Persatuan Sepakbola Indonesia Semarang ( 'Indonesian Football Association of Semarang'), commonly known by its abbreviation PSIS is an Indonesian professional football club based in Semarang, Central Java. The club play their home matches at the Jatidiri Stadium. They are set to compete in Championship, the second tier of Indonesian football, following relegation in the 2024–25 Liga 1 season.

==History==
Founded on 18 May 1932, PSIS is one of the oldest football teams in Indonesia. It was previously known as Voetbalbond Indonesia Semarang.

===First title===
Before the professional league was held in 1994–1995, PSIS joined Perserikatan, an amateur football competition organized by the PSSI. Their greatest success was in the 1986–87 season, when PSIS won the title after defeating Persebaya Surabaya in the final 1–0 by Syaiful Amri's goal. At the time, PSIS legend Ribut Waidi was in the team. There is now a sculpture of Ribut Waidi in the center of Semarang.

===Ligina (Liga Indonesia) era===
In 1994, when Perserikatan and Galatama merged to form Liga Indonesia, PSIS was placed in the Premier division. In the 1998–1999 season, PSIS attained their highest achievement by winning the probe. In the final, PSIS defeated Persebaya 1–0 in a final match held at Manado. The goal was scored by Tugiyo in the injury time of the second half. However, PSIS was ironically relegated in 1999–2000 season. A year later, PSIS managed to secure a promotion back to the Premier division.

===Golden era: 2005–2007===
PSIS Semarang made a surprise by accomplishing the 3rd place after defeating PSMS Medan with a score of 2–1. The players like Muhammad Ridwan, Khusnul Yaqien, Modestus Setiawan, Idrus Gunawan, Maman Abdurrahman, Abdoulaye Djibril Diallo and Emanuel de Porras became superstars and following their success, were wanted by bigger teams. Result was achieved by coach Bambang Nurdiansyah.

In 2006, competing in the Western Zone, PSIS finished in 3rd place of the regular season. Therefore, PSIS went to the next round with 7 other teams, split into two groups of 4. PSIS won the first match against Arema Malang, courtesy of Gustavo Ortiz's goal. However, they were defeated by Persik Kediri with a score of 1–3 on matchday 2. PSIS needed a win in the last match against Persiba Balikpapan to progress to the semi-final, and they successfully booked a place with 1–0 victory in a controversially postponed match due to the pitch invasion by the fans. In the semi-final, PSIS won 1–0 against Persekabpas Pasuruan who defeated them twice in the regular season. In the grand final, PSIS met Persik Kediri once again, and was defeated with the score of 0–1 in extra time. The goal was scored by Cristian Gonzáles in 107th minute.
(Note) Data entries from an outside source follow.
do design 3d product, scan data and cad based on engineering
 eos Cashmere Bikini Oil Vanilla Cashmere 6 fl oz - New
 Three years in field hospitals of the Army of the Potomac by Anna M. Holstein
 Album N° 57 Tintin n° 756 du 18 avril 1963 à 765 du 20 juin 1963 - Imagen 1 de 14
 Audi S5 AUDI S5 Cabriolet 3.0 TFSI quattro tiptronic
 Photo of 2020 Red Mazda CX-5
In 2007 season, PSIS successfully recruited Julio Lopez from Chile, projected as a replacement for Emanuel de Porras who controversially left the team after a defeat in the 2006 Liga Indonesia grand final.

===Super League era===
In the 2008 season, PSIS and PKT Bontang joined the Indonesia Super League, replacing Persmin Minahasa and Persiter Ternate.

In the 2011–2012 season, PSIS Semarang choose 2011–12 Indonesian Premier Division under the authority of PT Liga Prima Indonesia Sportindo (LPIS), finishing 5th.

In the 2013 season, PSIS moved to Divisi Utama. Ronald Fagundez and Addison Alves injuries contributed to defeated by the champion Persebaya, PSBS Biak Numfor, and PS Bangka.

===Scandal in 2014 season===
PSIS reinforced with two foreign players Julio Alcorsé and Ronald Fagundez, starting 2014 Liga Indonesia Premier Division at the top the standings in Group 4 with only 1 defeat. In the 2nd round, PSIS advanced to the semi-final along with PSS Sleman. Biggest victory came against Persiwa Wamena, with the score of 5–0. Hari Nur Yulianto scored 14, and Julio Alcorsé 13 goals.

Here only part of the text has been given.